- **WHAT THE EXERCISE ASKS**
A word-for-word copy of the entries, with the images left out, is what you should write.

- **RECORDS**
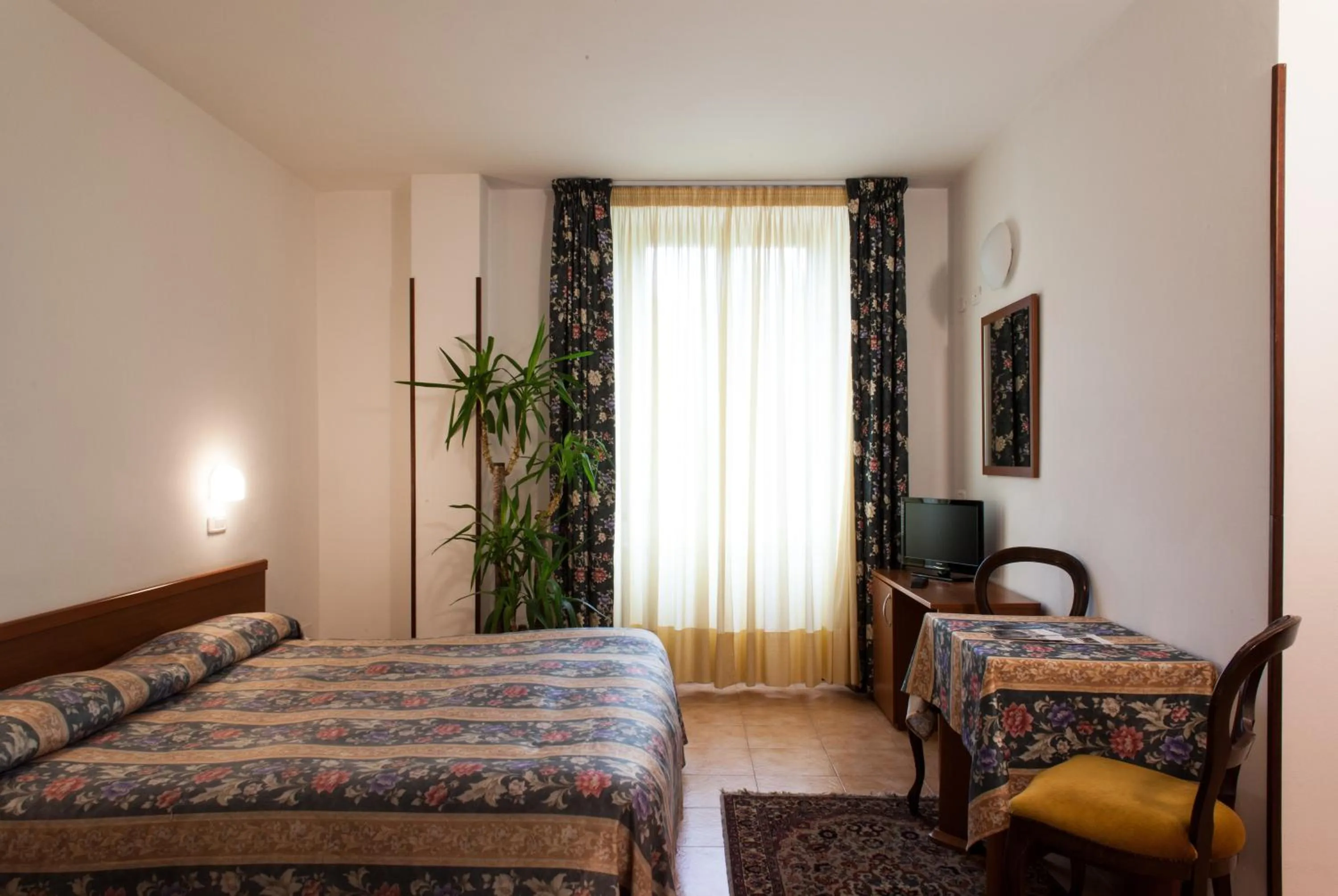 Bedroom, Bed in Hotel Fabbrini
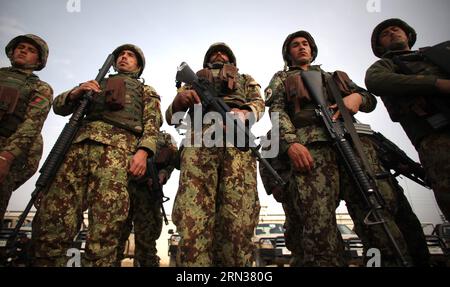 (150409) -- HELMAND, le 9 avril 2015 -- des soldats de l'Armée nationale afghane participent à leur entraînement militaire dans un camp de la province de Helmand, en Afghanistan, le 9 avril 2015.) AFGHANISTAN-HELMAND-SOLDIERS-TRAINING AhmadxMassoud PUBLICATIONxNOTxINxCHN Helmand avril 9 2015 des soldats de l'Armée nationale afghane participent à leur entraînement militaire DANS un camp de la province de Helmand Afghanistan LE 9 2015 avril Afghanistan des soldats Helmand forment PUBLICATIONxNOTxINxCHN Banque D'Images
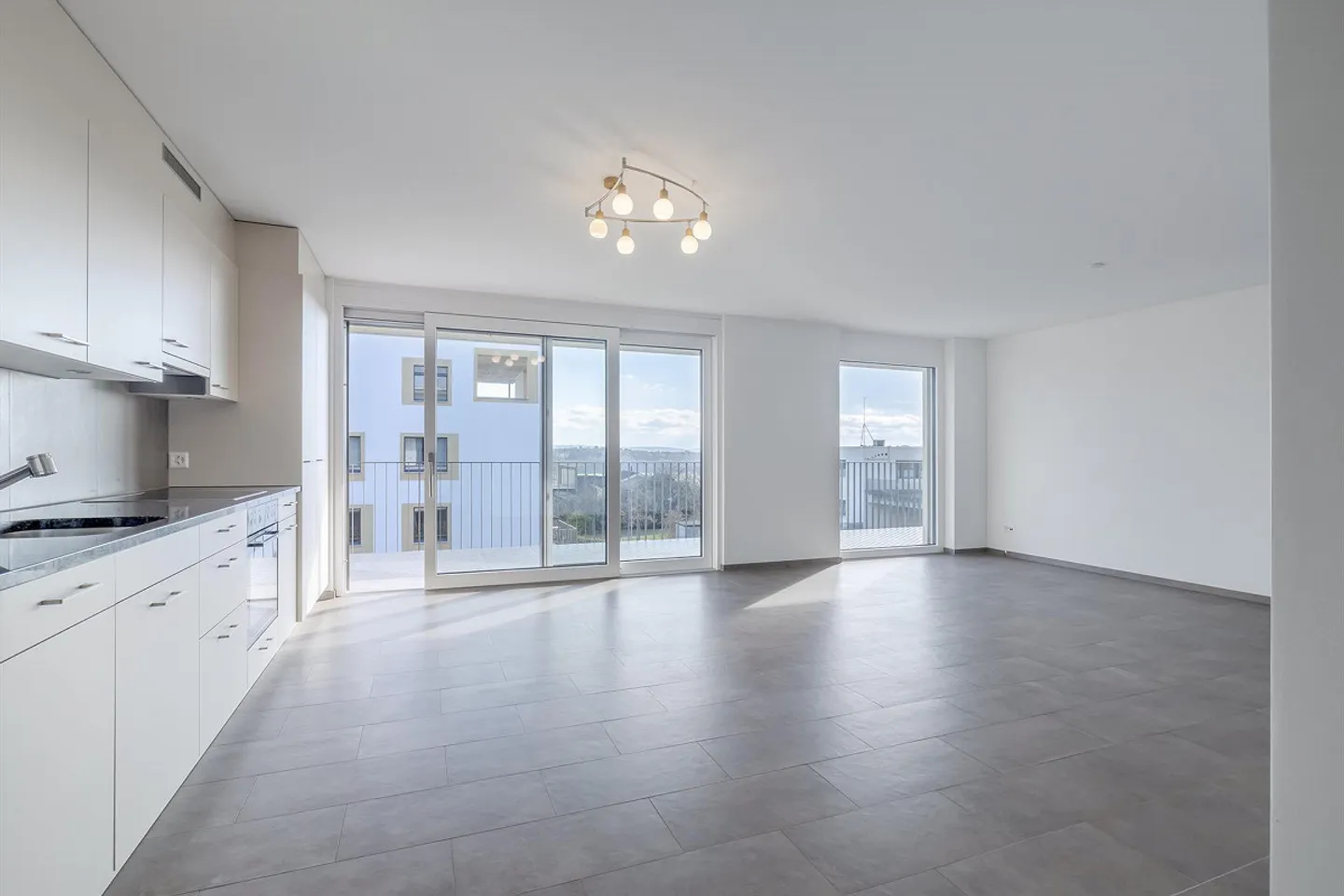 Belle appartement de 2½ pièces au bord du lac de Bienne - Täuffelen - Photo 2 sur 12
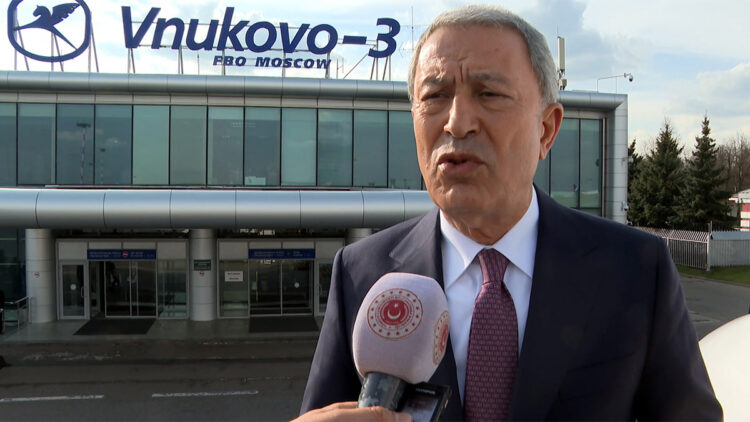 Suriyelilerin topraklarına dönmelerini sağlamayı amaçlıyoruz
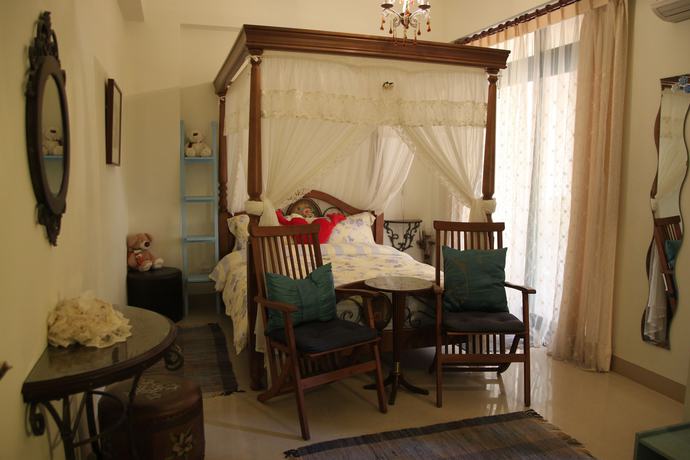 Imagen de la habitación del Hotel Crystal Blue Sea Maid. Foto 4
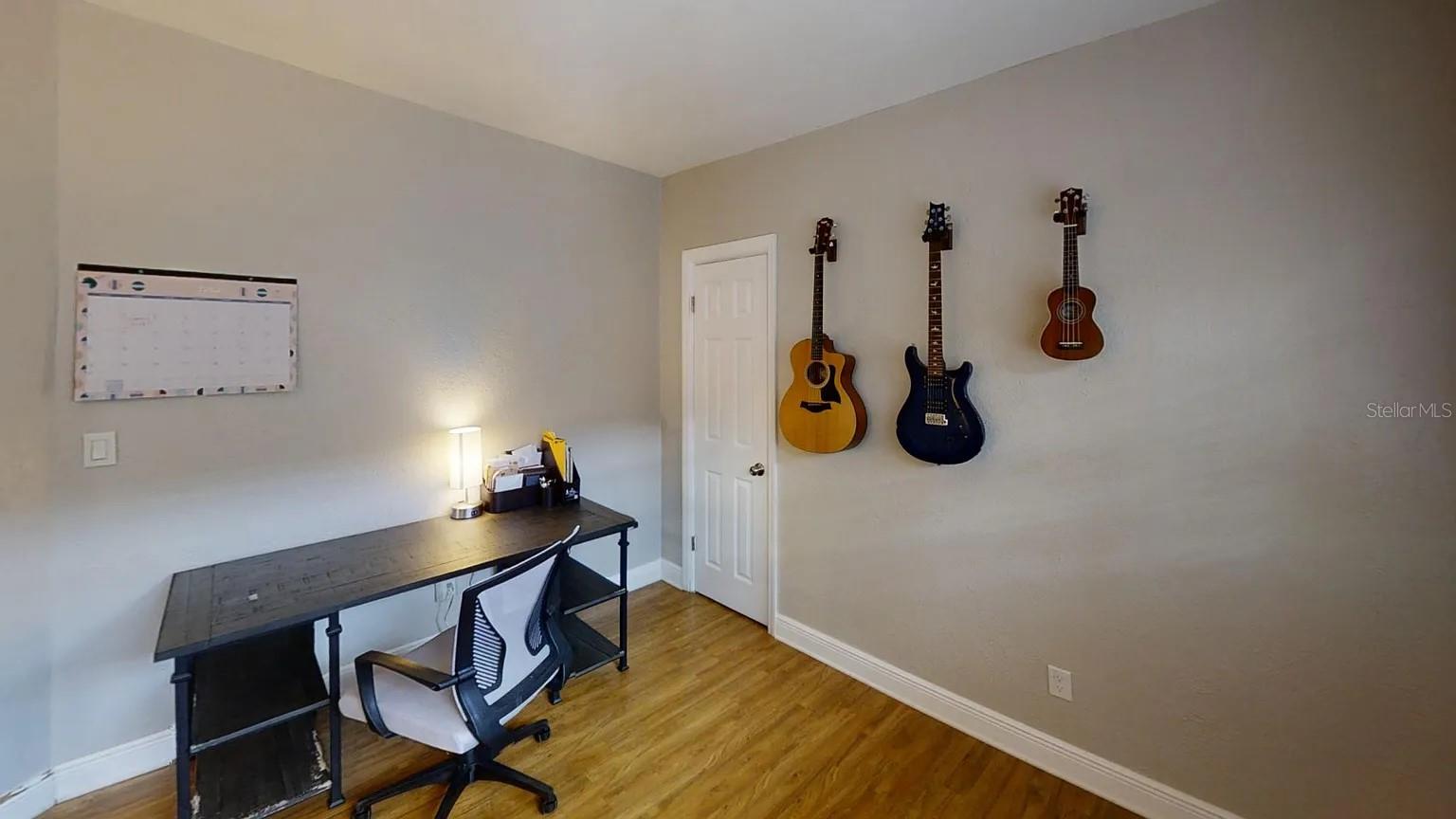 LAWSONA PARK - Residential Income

- **ANSWER FOR THIS EXERCISE**
 Bedroom, Bed in Hotel Fabbrini
 (150409) -- HELMAND, le 9 avril 2015 -- des soldats de l'Armée nationale afghane participent à leur entraînement militaire dans un camp de la province de Helmand, en Afghanistan, le 9 avril 2015.) AFGHANISTAN-HELMAND-SOLDIERS-TRAINING AhmadxMassoud PUBLICATIONxNOTxINxCHN Helmand avril 9 2015 des soldats de l'Armée nationale afghane participent à leur entraînement militaire DANS un camp de la province de Helmand Afghanistan LE 9 2015 avril Afghanistan des soldats Helmand forment PUBLICATIONxNOTxINxCHN Banque D'Images
 Belle appartement de 2½ pièces au bord du lac de Bienne - Täuffelen - Photo 2 sur 12
 Suriyelilerin topraklarına dönmelerini sağlamayı amaçlıyoruz
 Imagen de la habitación del Hotel Crystal Blue Sea Maid. Foto 4
 LAWSONA PARK - Residential Income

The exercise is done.